▸ Task description:
Write out the entries below exactly, but only from the line containing "When they were" through the line containing "The following line", and without the pictures.

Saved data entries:
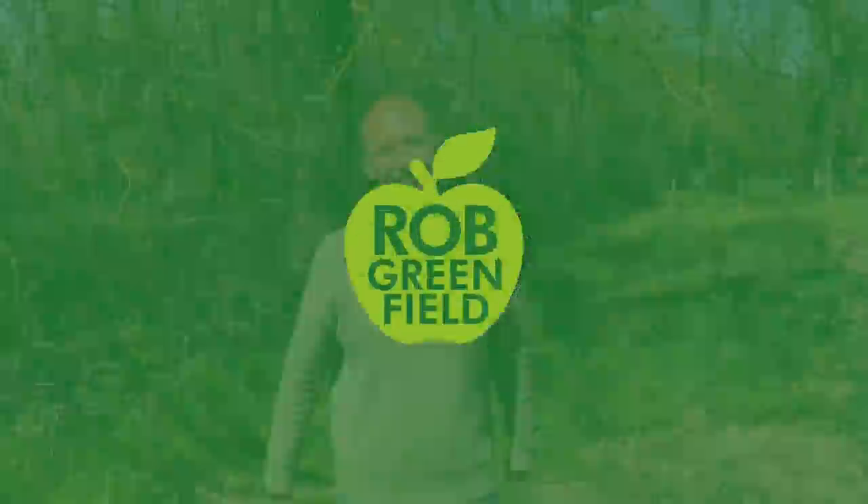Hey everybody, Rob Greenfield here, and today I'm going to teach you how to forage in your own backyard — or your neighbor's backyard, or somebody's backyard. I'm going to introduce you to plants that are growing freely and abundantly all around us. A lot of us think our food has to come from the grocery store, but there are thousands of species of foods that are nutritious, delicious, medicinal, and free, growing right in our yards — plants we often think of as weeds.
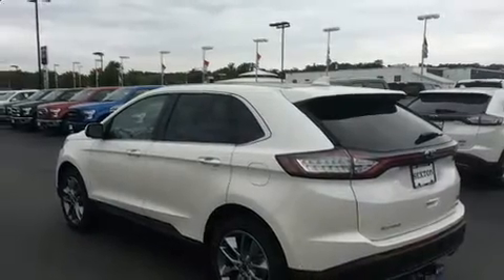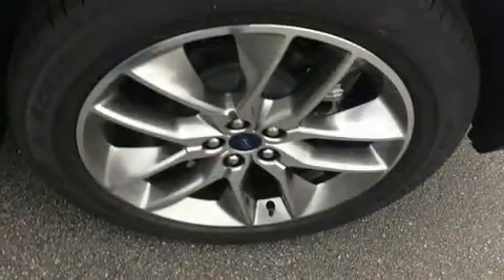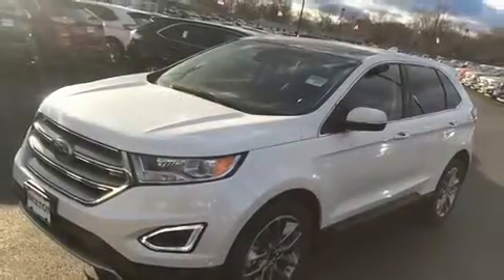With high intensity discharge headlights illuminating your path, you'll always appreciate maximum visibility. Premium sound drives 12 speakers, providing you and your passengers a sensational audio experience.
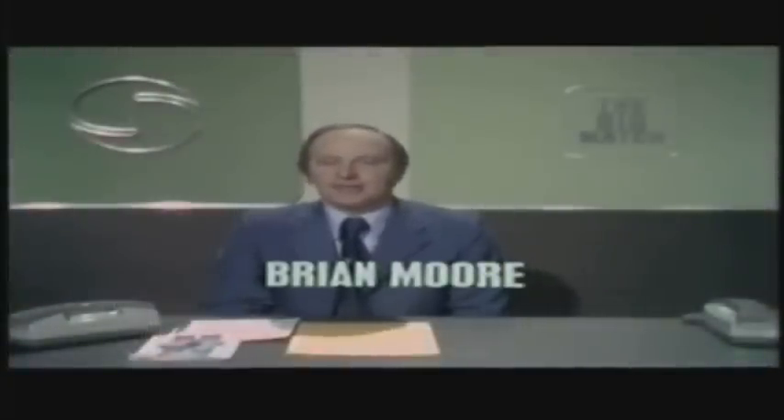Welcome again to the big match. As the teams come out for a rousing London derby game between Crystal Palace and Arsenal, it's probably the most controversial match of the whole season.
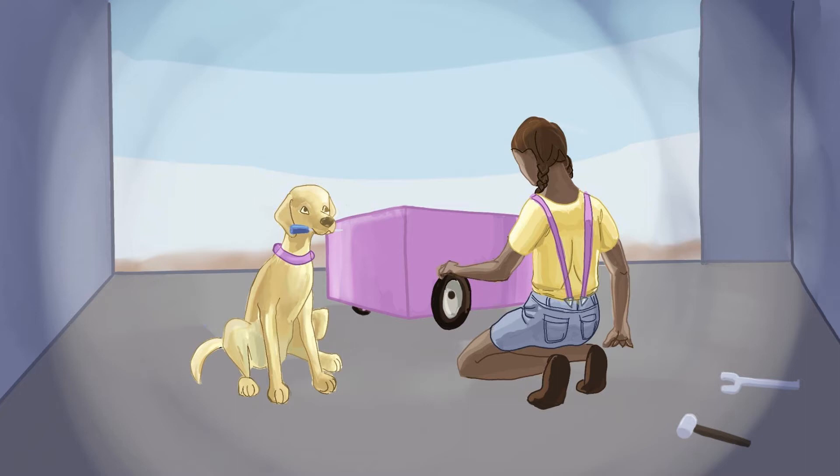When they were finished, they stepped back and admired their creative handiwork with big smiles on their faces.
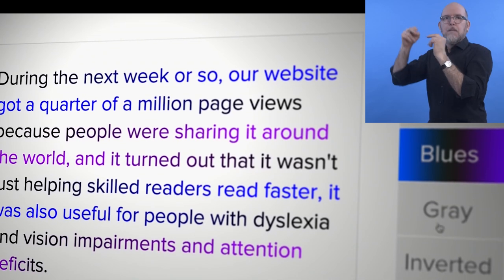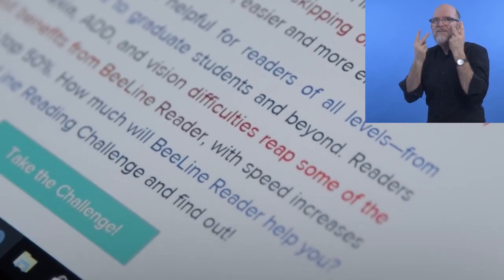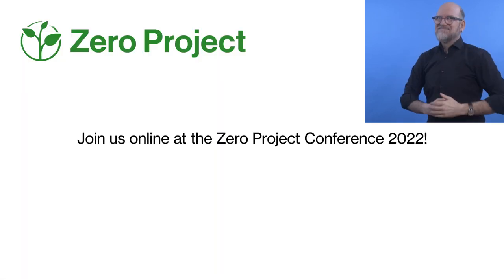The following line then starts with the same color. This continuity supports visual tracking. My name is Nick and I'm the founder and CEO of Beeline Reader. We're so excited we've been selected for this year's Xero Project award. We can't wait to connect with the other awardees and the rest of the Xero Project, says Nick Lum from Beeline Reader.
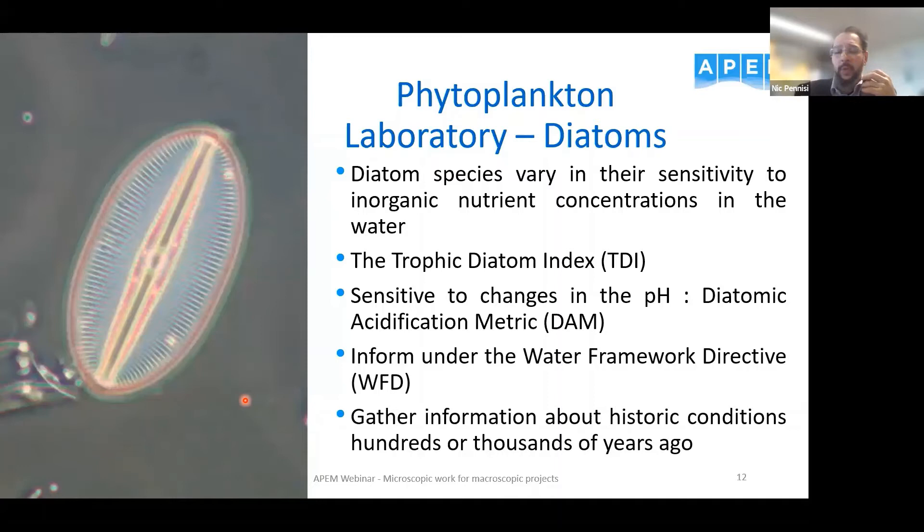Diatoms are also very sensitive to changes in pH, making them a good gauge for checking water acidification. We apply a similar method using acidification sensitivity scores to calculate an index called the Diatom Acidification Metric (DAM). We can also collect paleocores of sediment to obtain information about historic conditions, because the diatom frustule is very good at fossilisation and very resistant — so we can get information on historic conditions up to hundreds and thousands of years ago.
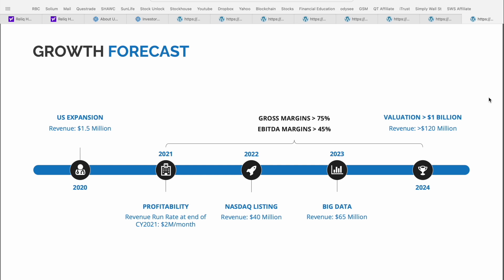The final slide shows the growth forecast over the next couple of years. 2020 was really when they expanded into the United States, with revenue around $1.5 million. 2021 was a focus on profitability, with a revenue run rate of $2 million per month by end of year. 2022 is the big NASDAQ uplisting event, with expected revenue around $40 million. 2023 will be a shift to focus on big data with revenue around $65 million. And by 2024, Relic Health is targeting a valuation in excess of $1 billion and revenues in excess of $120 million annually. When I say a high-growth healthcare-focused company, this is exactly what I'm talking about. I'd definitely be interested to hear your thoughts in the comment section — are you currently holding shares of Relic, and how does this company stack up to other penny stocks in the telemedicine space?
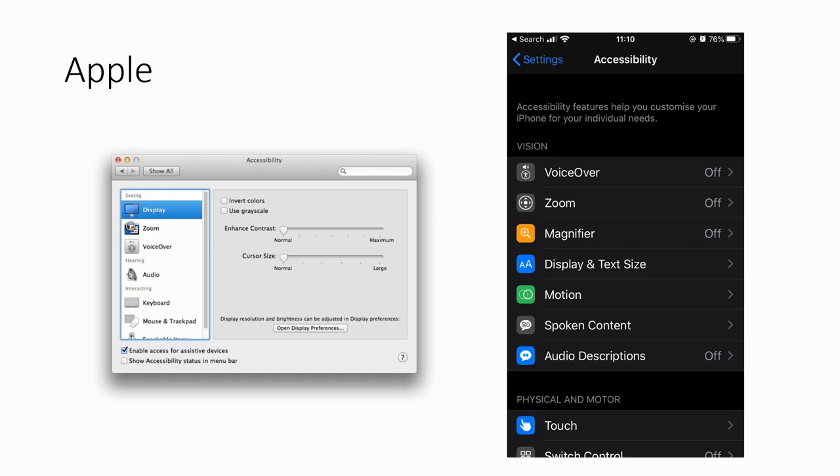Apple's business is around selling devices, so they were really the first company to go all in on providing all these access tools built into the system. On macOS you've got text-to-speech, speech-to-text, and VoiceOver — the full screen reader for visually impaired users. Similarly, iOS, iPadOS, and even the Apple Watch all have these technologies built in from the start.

▸ Exercise solution:
When they were finished, they stepped back and admired their creative handiwork with big smiles on their faces.
The following line then starts with the same color. This continuity supports visual tracking. My name is Nick and I'm the founder and CEO of Beeline Reader. We're so excited we've been selected for this year's Xero Project award. We can't wait to connect with the other awardees and the rest of the Xero Project, says Nick Lum from Beeline Reader.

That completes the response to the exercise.